Furthermore, ANRE will determine a "reference price" and update it monthly according to the formula provided in the CfD contract and a dedicated methodology to be enacted by ANRE. The draft CfD contract published for consultations indicates that the reference prices will be determined based on weighted average prices on the Romanian day-ahead market (DAM).

ANRE will revisit the reference prices and related methodology if it deems that they no longer reflect the market prices and trigger an overcompensation for CfD beneficiaries. It will also do so where more than 50 % of the CfD beneficiaries claim that the respective reference price triggers a systematic under-compensation.

Based on the executed CfD contracts, the CfD counterparty will then compute and process the payments for CfD differences, to be made by either the CfD counterparty (where the difference between the strike price and the reference price is positive) or the CfD beneficiary (where the difference between the strike price and the reference price is negative). For the periods with negative prices in the respective wholesale markets for the settlement interval, the CfD beneficiary will not receive any payments for CfD differences.

Route-to-market restricted to the centralised power exchanges

One notable requirement is that CfD beneficiaries must route-to-market all the generated energy benefiting from the CfD Scheme (except for energy used for own technological consumption) on the organised markets, i.e. the centralised power exchanges operated by OPCOM and the Romanian Commodities Exchange (BRM). Failure to observe this requirement may trigger exclusion from the CfD Scheme, as well as the obligation to refund any payments for CfD differences relating to trades breaching this requirement.

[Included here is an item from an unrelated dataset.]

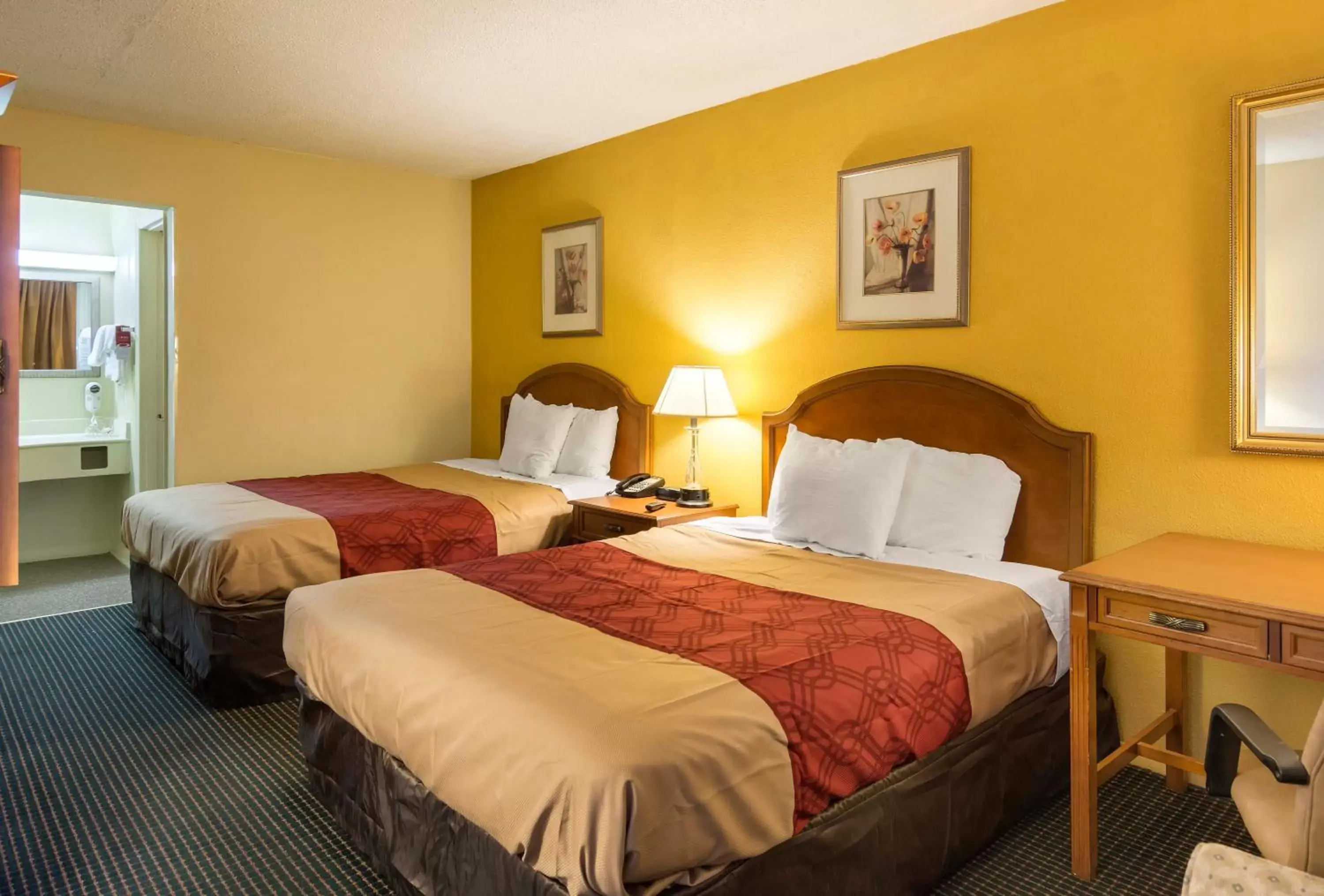 Queen Room with Two Queen Beds - Non-Smoking in Econo Lodge Petersburg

As a rule, the excess revenues realised by CfD beneficiaries based on bilateral agreements entered on the organised markets will be computed by ANRE (based on methodologies to be approved) and refunded by the CfD beneficiaries to the CfD liquidity fund, to avoid overcompensation. However, to incentivise the CfD beneficiaries to also route-to-market their energy via bilateral contract, on other organised markets rather than on spot markets, a mechanism for the allocation of excess revenues generated via bilateral contracts guarantees that CfD beneficiaries will retain at least part of the revenues realised from bilateral contracts. These are computed based on the difference between the sale price in bilateral contracts and either the reference or the exercise price, according to the formulae provided in the draft Decision.

Financing of the CfD Scheme and financial guarantees

The financing of the CfD Scheme is split between two primary channels: a collection mechanism from all end consumers and/or non-repayable EU funds.

The safe operation of the CfD Scheme is also supported by a framework of financial guarantees aimed at ensuring CfD beneficiaries and bidders comply with their obligations. These include:

  • performance guarantees – to be issued by reputable Romanian or international financial institutions within the EU and EEA and provided by successful bidders for guaranteeing the timely and successful completion of their projects;
  • participation guarantees – to be provided by all CfD bidders, for confirming their intent to participate in the CfD Scheme and safeguarding against speculative bidding.


After a lengthy process, Romania is finally proposing an operational aid scheme for low-carbon technologies that is in proper shape and ready to go. Backed by the recent EC approval of the EUR 3bln funding from the Modernisation Funds, the CfD Scheme looks promising and reliable for the long term. Nevertheless, the devil is in the details. The market will certainly pick up on a couple of these, such as the requirement to route-to-market the electricity on the organised market as well as the negative pricing rule.